Provided material: Begin

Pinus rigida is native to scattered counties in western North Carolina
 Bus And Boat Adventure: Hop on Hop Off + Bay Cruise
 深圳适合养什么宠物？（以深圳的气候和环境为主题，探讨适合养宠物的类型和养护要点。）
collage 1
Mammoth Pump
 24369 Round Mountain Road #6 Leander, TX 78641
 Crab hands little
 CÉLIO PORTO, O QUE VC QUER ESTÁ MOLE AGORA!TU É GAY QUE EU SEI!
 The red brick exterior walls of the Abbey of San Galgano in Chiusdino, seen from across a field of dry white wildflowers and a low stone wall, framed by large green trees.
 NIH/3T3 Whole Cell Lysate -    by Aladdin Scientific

Provided material: End

▶ **Work request**
Word for word, give back all the lines above.

▶ **The completed task**
Pinus rigida is native to scattered counties in western North Carolina
 Bus And Boat Adventure: Hop on Hop Off + Bay Cruise
 深圳适合养什么宠物？（以深圳的气候和环境为主题，探讨适合养宠物的类型和养护要点。）
collage 1
Mammoth Pump
 24369 Round Mountain Road #6 Leander, TX 78641
 Crab hands little
 CÉLIO PORTO, O QUE VC QUER ESTÁ MOLE AGORA!TU É GAY QUE EU SEI!
 The red brick exterior walls of the Abbey of San Galgano in Chiusdino, seen from across a field of dry white wildflowers and a low stone wall, framed by large green trees.
 NIH/3T3 Whole Cell Lysate -    by Aladdin Scientific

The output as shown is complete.